Using the data below, restate exactly every line from the one with "Sony a6700 Mirrorless" up to and including the one with "Mineral 100's 2". No picture belongs in it.

◆ DATA TO USE:

-- Opening Marker --

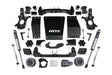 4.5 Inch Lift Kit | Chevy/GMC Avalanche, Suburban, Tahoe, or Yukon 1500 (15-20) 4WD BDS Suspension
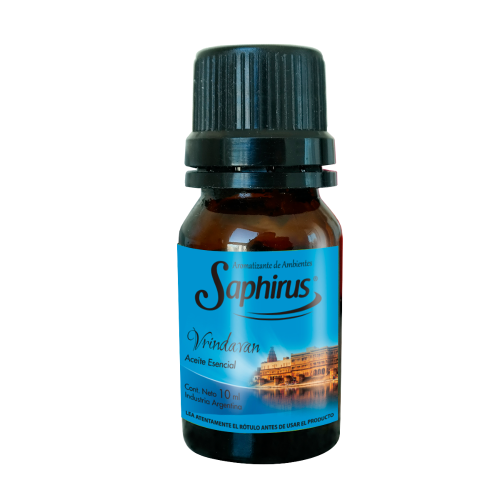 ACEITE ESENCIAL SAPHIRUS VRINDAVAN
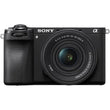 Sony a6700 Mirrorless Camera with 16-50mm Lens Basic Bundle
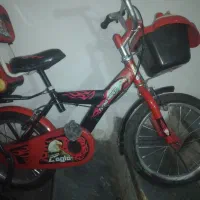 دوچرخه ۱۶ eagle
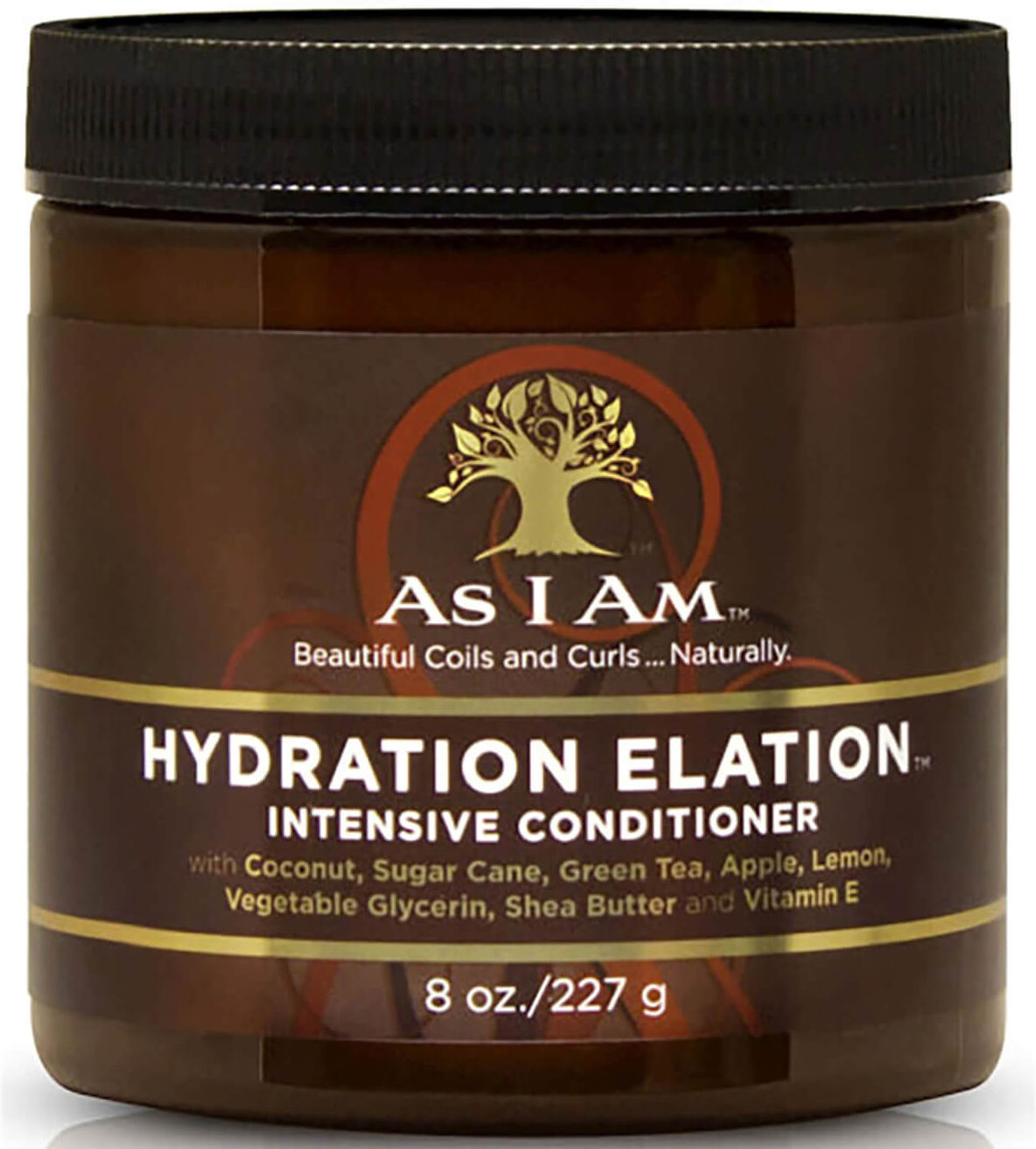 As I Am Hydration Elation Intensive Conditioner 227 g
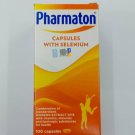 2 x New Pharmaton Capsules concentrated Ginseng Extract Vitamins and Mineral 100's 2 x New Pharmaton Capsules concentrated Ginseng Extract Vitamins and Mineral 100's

-- Closing Marker --
-- Opening Marker --

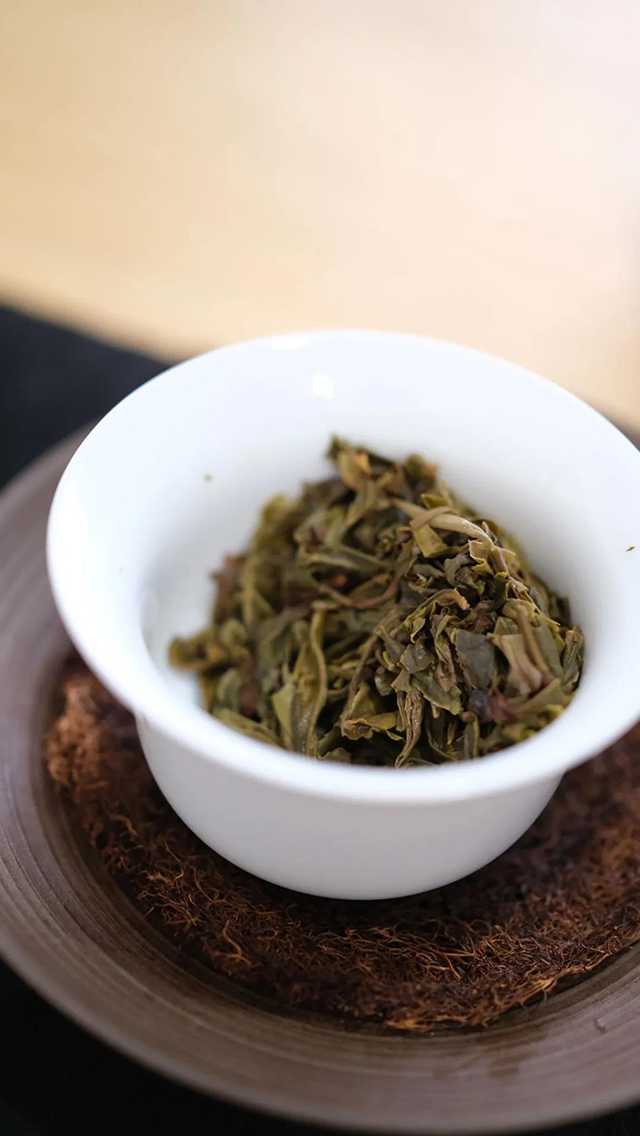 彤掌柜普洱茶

-- Closing Marker --

◆ RESULT:
 Sony a6700 Mirrorless Camera with 16-50mm Lens Basic Bundle
 دوچرخه ۱۶ eagle
 As I Am Hydration Elation Intensive Conditioner 227 g
 2 x New Pharmaton Capsules concentrated Ginseng Extract Vitamins and Mineral 100's 2 x New Pharmaton Capsules concentrated Ginseng Extract Vitamins and Mineral 100's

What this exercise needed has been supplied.